Over the last four days at work I have learned a lot about OS, networks and java and that just because the source of the problem is something you would not expect, the problem may still be there.
The source of my problem was that for whatever insane reason the loopback device on the production server was dead.
The symptoms were not that funky and looking back should have pointed me to the problem quickly if only I had known such a problem existed.
# my program hangs on startup
# kill -3 gave me a stack trace and the source code told me that tomcat was simply trying to create a java.net.ServerSocket at that point, there’s not much that can go wrong there, hmmm? This one line method should have given me the first hint that it was not a “java issue”
at java.net.PlainSocketImpl.initProto(Native Method)
# somebody else found out that at one point or another tomcat got a timeout there
# after the timeout tomcat proceeded to run without further troubles
# stopping tomcat took just as long
# tcpdump told me that there was not really any traffic with that port on eth0 which finally led me to realize that this might not be the correct interface …..

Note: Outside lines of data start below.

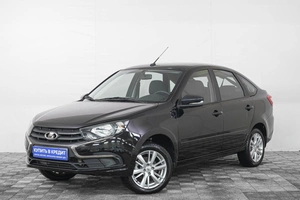 Лифтбек ВАЗ (LADA) Granta 2024 года, 859000 рублей, Кемерово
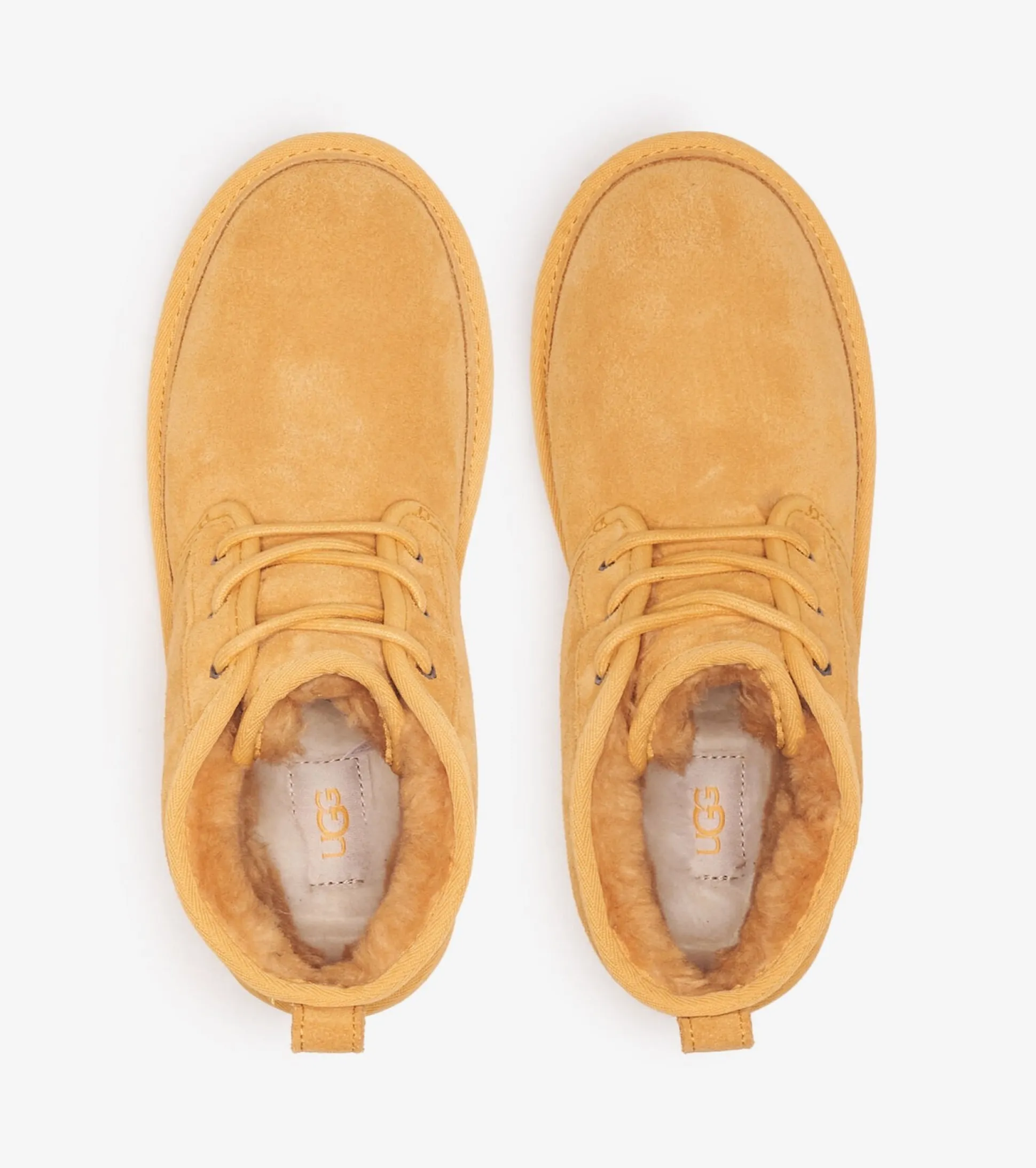 Neumel II Boots Yellow PS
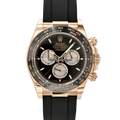 Rolex Daytona 126515LN Black Oysterflex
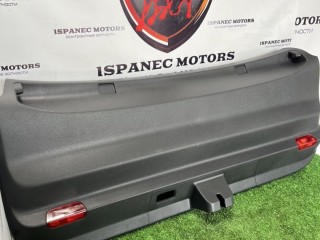 Обшивка багажника, ориг. номер 976867605, 976867605BLK, Porsche Panamera 2023-2026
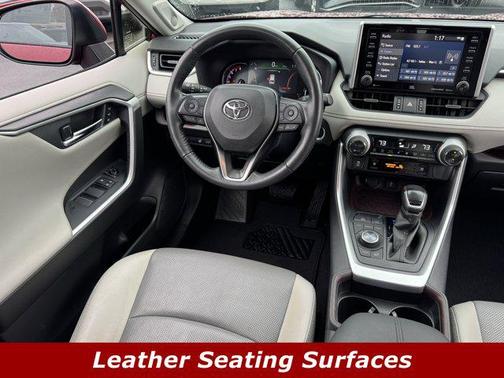 2021 Toyota RAV4 Limited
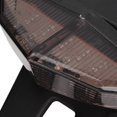 thumbnail image 4 of Tail Lamps, High Strength Waterproof Shockproof Universal Simple Installation Turn Signal Light  For Motorcycle Modification Accessories, 4 of 8
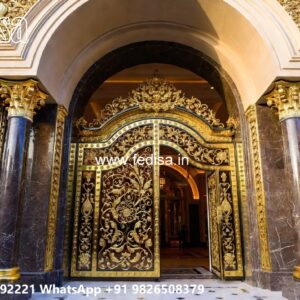 Lohe Ke Darwaje Ka Design, English Gate Design Front Gate Designs For Houses | Entrance Gates Design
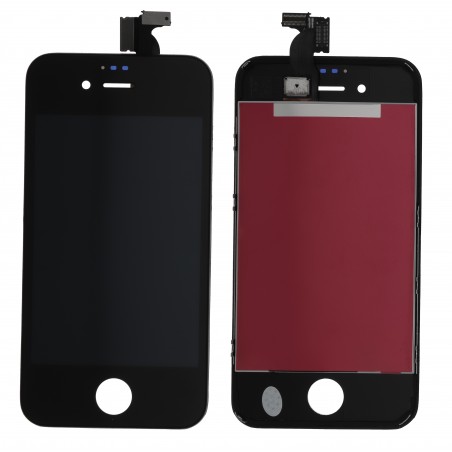 Écran LCD de Remplacement iPhone 4S Qualité Supérieure - Noir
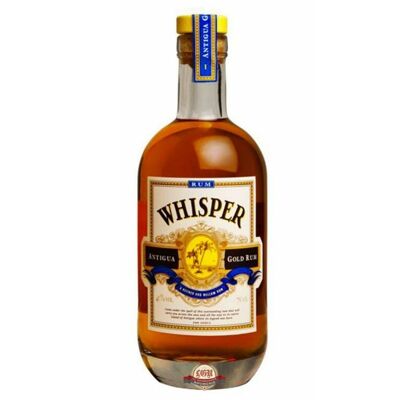 Whisper Gold Rum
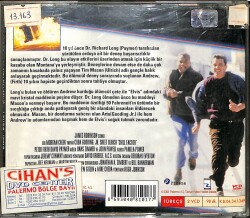 Gizli Deney (Cuba Gooding) VCD Film (106.5) VCD20797 - 2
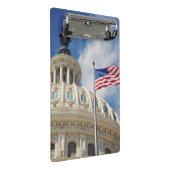 Verenigde Staten, Colombia, Washington DC, Capitol Mini Klembord (Schuin)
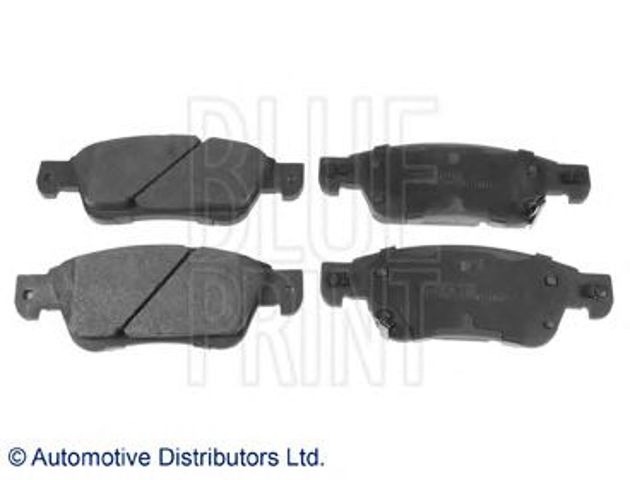 Тормозные колодки ADN142164 BLUE PRINT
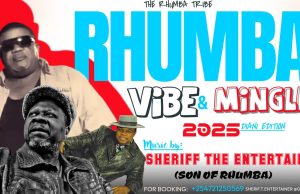 SHERIFF THE ENTERTAINER – SLOW RHUMBA VIBE, MINGLE 2025 | DOWNLOAD MP3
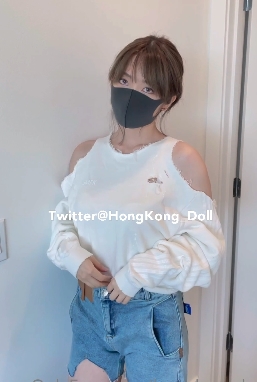 P站网红玩偶姐姐HongKongDoll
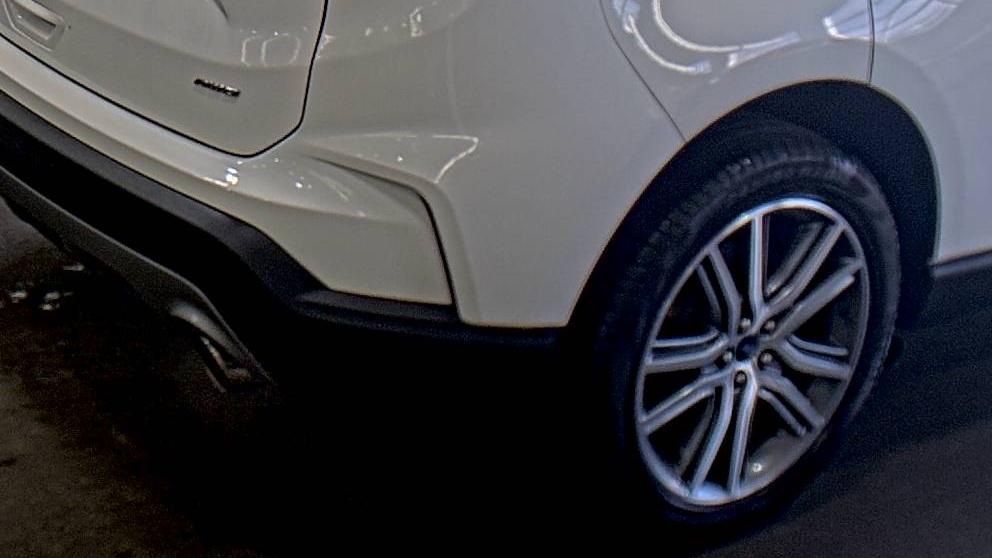 2022 Ford Edge Titanium AWD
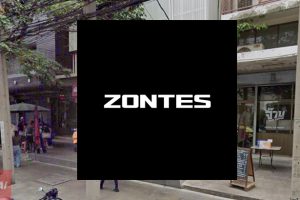 Zontes ถนนจันทน์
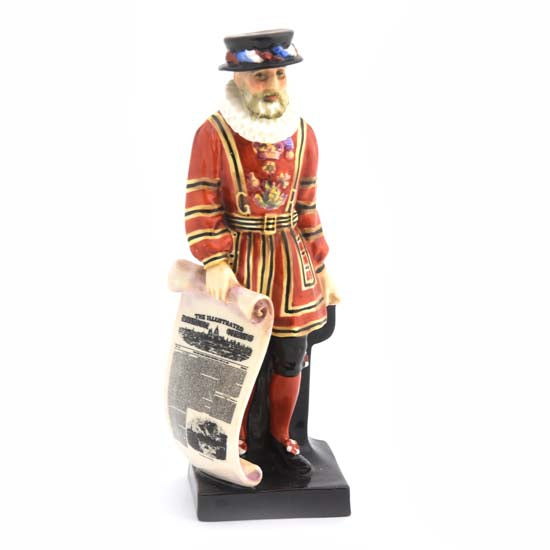 Beefeater (restored)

# then everything resolved quickly: ifup lo generated the “device already configured” while ifconfig didn’t show the device, the sysadmin who had told me “the OS is healthy must be a java issue” agreed that it wasn’t good to have no loopback device
Now my tomcat starts as fast as before last wednesday and I wish I could catch the program that was responsible for putting the lo device into nirvana. By the way this only happened when I was trying to run tomcat as a standalone server with the org.apache.coyote.tomcat5.CoyoteConnector instead of plugging into apache.